CAPITAL ADEQUACY AND FINANCIAL PERFORMANCE OF DEPOSIT TAKING MICRO FINANCE BANKS IN KENYA
Keywords:
CAMEL ratings model, capital adequacy, financial performance, Returns on Assets and Returns on EquityAbstract
Maintaining sufficient capital is a vital aspect in the functioning of financial institutions, ensuring that they possess an adequate financial buffer to absorb potential losses. Adequate capital becomes critical for a robust financial system as it fosters stability and safeguards the interests of stakeholders at the same time ensuring a resilient financial system. The purpose of the study was to determine how capital adequacy directly impacts the ability of deposit-taking microfinance banks to generate profits and sustain operations. This ensures that these banks can absorb shocks without becoming insolvent, given that they serve vulnerable populations and small businesses, which exposes them to profitability challenges.
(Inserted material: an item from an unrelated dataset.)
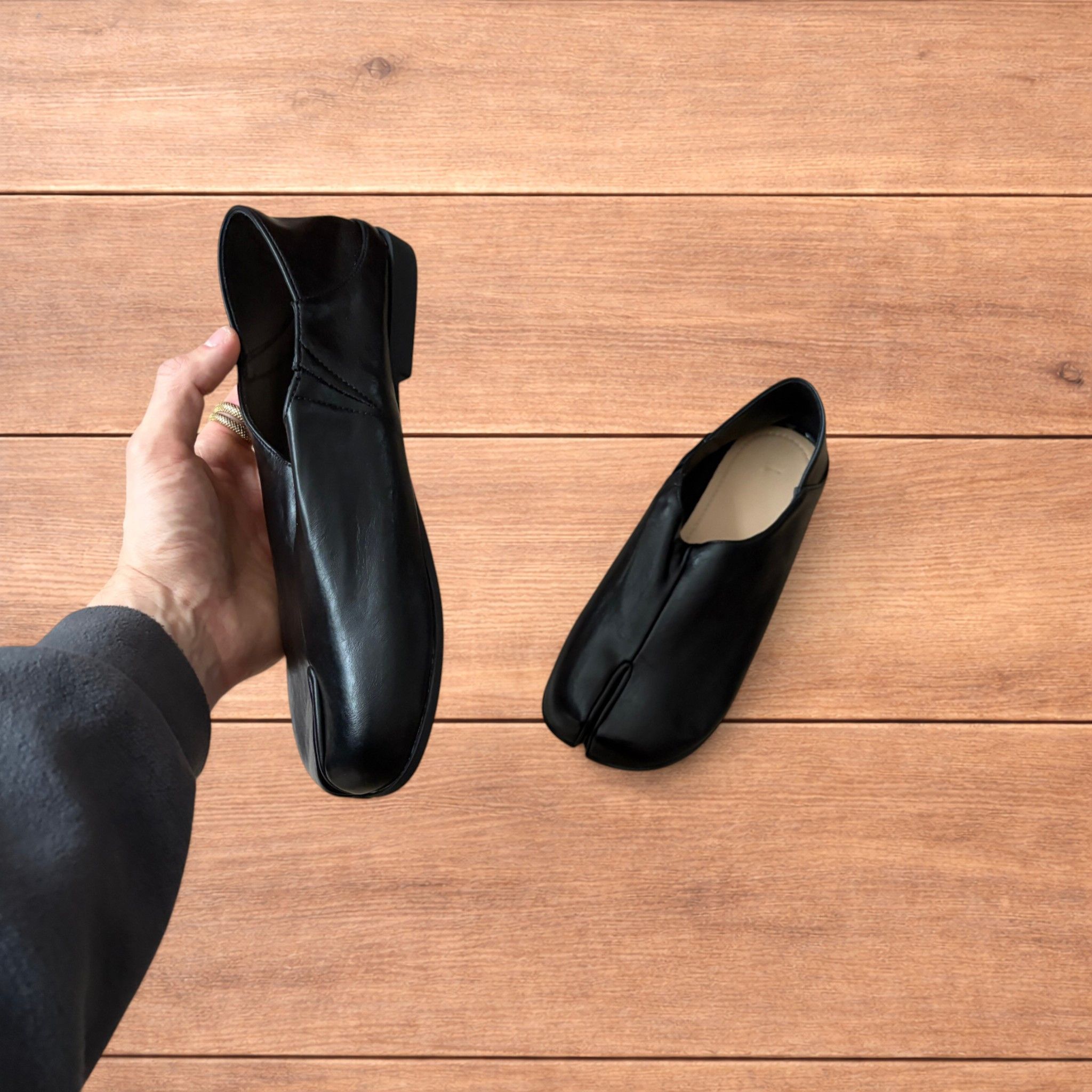 Japanese Brand Vintage style faux leather tabi split toe shoes in black. Size US 9 / IT 39 - 5 Thumbnail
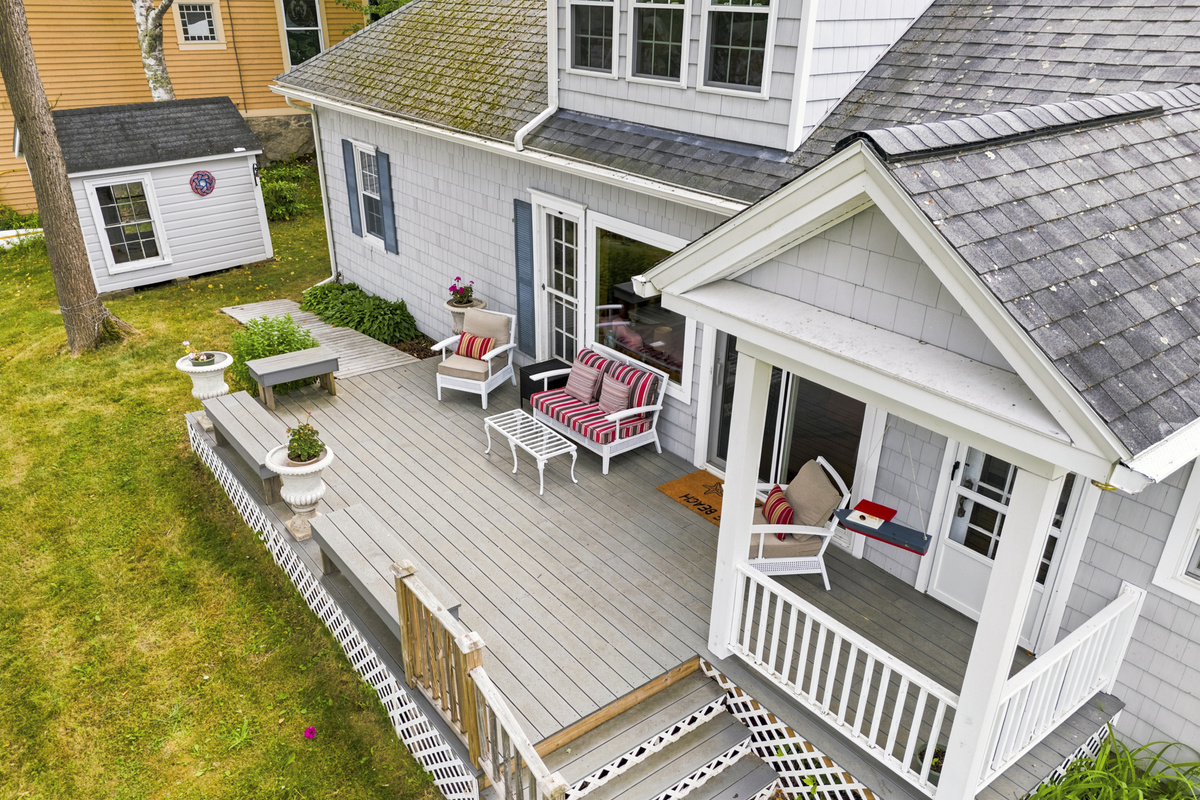 Outdoor space to enjoy views of the Kennebec River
The study investigated the effect of capital adequacy on the financial performance of deposit-taking microfinance banks in Kenya for the 2018 – 2022 financial period utilizing secondary data from all 13 registered deposit-taking microfinance banks. It adapted the explanatory correlational research design and relied on secondary data generated from the Central Bank of Kenya and individual websites of the 13 deposit taking micro finance banks. Returns on Assets and Returns on Equity were regressed on capital adequacy predictors using Generalized Methods Method approach and the panel data analysis revealed positive betas for all predictors at a 0.05 significance level. The study concluded that capital adequacy has a significant effect on micro finance banks in Kenya and recommended that microfinance banks should maintain a minimum risk-based capital adequacy ratio of 12.5% to 15%, depending on the risk levels in their loan portfolios. Additionally, these firms must publicly disclose both qualitative and quantitative information about their risk exposures, including their risk management strategies; disclose stress testing results to potentially assist stakeholders understand the nature and magnitude of the risk exposures. By providing comparative data from previous years, they will assist financial statement users a perspective on trends in underlying exposures.